With OpenAI’s recent announcement of the new ChatGPT interface, I knew exactly what I wanted to try first. Unlike Midjourney, DALL-E couldn’t really accept image prompts in the past. It was strictly text to image.
When I realized it's now possible, I had so many ideas run through my head. What can you use image -> text -> image to do?
So, I opted to start simple: Creating virtual avatars of myself.
In this article, I'll guide you through the simple steps to create your own custom avatar using ChatGPT's language understanding and DALL-E’s creativity, as well as provide different examples to show you how good it actually is.
Just a quick warning: You’re going to see a lot of my face in this article. So, definitely stay tuned for that.
How To Make Custom Avatars with ChatGPT & DALL-E 3
It’s quite easy to make custom avatars using ChatGPT and, as promised, this will only take two minutes.
First, you have to enable GPT-4 by pressing the model drawer on the top left side of the screen.
Next, press the paperclip logo on the prompt bar to upload your reference image.
And, finally, simply say “Create an avatar of me.” You can add whatever you want, as long as the "avatar" keyword is there.

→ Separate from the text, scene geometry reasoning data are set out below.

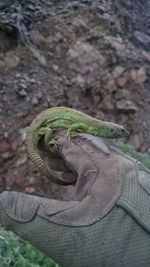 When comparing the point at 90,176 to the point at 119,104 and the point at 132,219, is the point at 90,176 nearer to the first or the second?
the point at 132,219

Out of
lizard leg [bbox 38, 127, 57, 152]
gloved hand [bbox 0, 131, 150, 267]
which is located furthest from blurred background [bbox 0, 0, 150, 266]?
gloved hand [bbox 0, 131, 150, 267]

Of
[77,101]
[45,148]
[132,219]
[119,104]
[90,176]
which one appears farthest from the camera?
[119,104]

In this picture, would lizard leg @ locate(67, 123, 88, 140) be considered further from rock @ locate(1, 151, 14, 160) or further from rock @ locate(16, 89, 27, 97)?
rock @ locate(16, 89, 27, 97)

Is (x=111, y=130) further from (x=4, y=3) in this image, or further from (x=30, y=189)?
(x=4, y=3)

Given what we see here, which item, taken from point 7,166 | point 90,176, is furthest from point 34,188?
point 90,176

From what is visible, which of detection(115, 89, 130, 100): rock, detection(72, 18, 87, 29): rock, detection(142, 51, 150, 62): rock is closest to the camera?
detection(115, 89, 130, 100): rock

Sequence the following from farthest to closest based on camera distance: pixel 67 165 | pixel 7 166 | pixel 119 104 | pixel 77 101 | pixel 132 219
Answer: pixel 119 104 < pixel 77 101 < pixel 7 166 < pixel 67 165 < pixel 132 219

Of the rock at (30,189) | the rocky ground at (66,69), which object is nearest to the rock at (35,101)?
the rocky ground at (66,69) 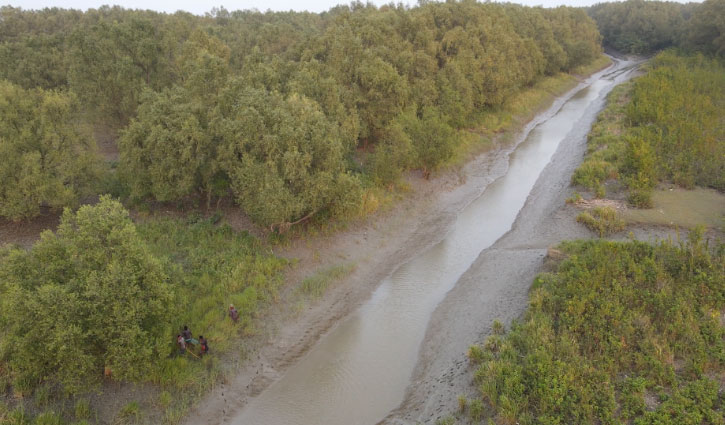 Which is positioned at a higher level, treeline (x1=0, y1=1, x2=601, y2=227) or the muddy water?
treeline (x1=0, y1=1, x2=601, y2=227)

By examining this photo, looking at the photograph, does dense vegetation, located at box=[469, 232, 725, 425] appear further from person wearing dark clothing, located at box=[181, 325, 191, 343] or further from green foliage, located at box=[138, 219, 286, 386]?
person wearing dark clothing, located at box=[181, 325, 191, 343]

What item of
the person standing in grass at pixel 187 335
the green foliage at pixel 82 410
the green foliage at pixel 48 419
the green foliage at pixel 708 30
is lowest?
the green foliage at pixel 82 410

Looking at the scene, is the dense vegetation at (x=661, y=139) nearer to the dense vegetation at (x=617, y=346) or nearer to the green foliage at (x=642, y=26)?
the dense vegetation at (x=617, y=346)

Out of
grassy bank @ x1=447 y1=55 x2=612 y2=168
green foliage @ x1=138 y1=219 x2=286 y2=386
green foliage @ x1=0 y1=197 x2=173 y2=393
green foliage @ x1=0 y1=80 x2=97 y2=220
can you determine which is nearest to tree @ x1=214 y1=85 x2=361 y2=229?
green foliage @ x1=138 y1=219 x2=286 y2=386

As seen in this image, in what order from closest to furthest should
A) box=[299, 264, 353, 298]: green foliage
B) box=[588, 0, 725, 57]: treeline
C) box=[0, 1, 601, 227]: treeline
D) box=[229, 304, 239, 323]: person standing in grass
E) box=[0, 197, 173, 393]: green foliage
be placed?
1. box=[0, 197, 173, 393]: green foliage
2. box=[229, 304, 239, 323]: person standing in grass
3. box=[299, 264, 353, 298]: green foliage
4. box=[0, 1, 601, 227]: treeline
5. box=[588, 0, 725, 57]: treeline

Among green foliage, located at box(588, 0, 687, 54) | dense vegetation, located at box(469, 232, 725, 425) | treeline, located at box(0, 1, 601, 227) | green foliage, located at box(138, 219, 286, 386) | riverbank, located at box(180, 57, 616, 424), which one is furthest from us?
green foliage, located at box(588, 0, 687, 54)

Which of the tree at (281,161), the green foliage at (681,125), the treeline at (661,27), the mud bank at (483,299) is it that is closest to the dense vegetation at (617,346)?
the mud bank at (483,299)

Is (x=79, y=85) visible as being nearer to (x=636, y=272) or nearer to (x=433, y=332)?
(x=433, y=332) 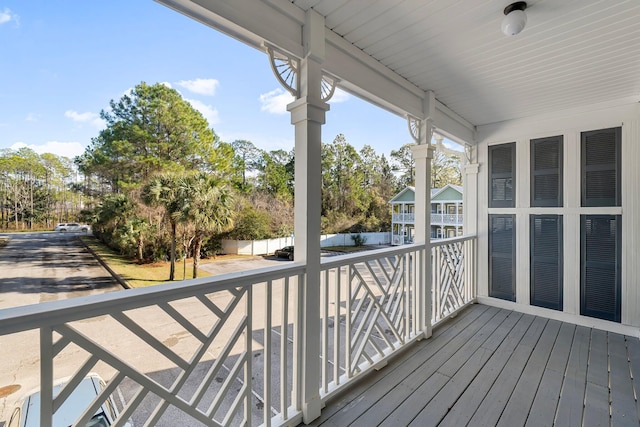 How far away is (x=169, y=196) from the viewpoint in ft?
31.4

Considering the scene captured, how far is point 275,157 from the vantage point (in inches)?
579

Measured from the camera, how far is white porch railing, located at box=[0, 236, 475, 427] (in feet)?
3.00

Here’s the final product compared to my original image:
I know what you’re thinking. It doesn’t look quite like me, right? So, why does that happen?
ChatGPT does not directly use your image as a reference for DALL-E 3. Instead, there’s a middleman between the two: GPT-4V, which takes your original image, turns it into text, and then generates a prompt based on the text. In fact, you can even see what GPT-4V thinks of my original photo when I inspect the avatar:
What GPT-4V does is pick the most defining features of the original image and uses that to create the avatar. For me, it was my black hair, white shirt, and pleasant expression. And, sure enough, it resulted in an inaccurate depiction of me.
So, could I make this better?
I also tried creating a better avatar before by providing more context to GPT-4 such as my ethnicity, better hair description, and other features that weren’t prominent in the reference. Here’s what it looks like:
Another thing I did was explore DALL-E’s creativity by asking it to create different variations of my avatar using different styles like a more realistic 2D illustration, a 3D render, doodle, and more.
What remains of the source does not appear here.